• [Scraped caption text data]
◆ ◆ ◆ ◆

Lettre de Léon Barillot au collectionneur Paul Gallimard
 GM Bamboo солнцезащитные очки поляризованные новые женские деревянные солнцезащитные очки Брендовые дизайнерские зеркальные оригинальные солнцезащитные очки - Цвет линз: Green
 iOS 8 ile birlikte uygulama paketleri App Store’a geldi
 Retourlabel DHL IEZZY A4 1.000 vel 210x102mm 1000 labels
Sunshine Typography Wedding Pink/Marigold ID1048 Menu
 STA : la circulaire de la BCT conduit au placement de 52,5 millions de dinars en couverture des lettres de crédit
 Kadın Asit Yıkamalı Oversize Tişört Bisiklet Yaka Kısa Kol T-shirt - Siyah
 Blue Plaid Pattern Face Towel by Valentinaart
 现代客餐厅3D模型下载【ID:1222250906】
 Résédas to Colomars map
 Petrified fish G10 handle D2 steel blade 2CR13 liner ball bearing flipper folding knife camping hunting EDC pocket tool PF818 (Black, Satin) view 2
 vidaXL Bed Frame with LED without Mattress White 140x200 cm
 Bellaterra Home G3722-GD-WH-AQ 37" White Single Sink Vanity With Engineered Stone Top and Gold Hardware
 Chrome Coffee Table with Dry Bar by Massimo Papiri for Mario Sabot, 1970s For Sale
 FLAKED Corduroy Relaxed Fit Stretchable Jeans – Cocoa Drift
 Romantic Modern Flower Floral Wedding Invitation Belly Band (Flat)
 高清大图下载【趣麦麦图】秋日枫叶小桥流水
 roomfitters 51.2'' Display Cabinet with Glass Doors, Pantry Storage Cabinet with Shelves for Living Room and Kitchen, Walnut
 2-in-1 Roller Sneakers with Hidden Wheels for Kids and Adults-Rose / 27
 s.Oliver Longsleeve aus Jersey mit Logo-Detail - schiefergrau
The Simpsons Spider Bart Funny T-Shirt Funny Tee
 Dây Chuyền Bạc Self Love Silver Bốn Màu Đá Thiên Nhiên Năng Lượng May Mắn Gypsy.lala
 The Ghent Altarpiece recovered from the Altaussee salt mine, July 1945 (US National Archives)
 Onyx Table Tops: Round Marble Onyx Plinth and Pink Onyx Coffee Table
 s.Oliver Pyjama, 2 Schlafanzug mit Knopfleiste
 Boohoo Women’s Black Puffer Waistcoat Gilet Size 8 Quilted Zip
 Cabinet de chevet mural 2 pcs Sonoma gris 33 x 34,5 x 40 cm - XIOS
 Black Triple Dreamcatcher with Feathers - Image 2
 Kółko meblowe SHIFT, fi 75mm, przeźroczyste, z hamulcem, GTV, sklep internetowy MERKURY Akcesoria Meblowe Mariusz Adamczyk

◆ ◆ ◆ ◆

• [TASK REQUIREMENTS] Given the records above, return exactly the lines starting at the line containing "Dây Chuyền Bạc" and ending at the line containing "s.Oliver Pyjama, 2", including both.

• [ANSWER BOX]
 Dây Chuyền Bạc Self Love Silver Bốn Màu Đá Thiên Nhiên Năng Lượng May Mắn Gypsy.lala
 The Ghent Altarpiece recovered from the Altaussee salt mine, July 1945 (US National Archives)
 Onyx Table Tops: Round Marble Onyx Plinth and Pink Onyx Coffee Table
 s.Oliver Pyjama, 2 Schlafanzug mit Knopfleiste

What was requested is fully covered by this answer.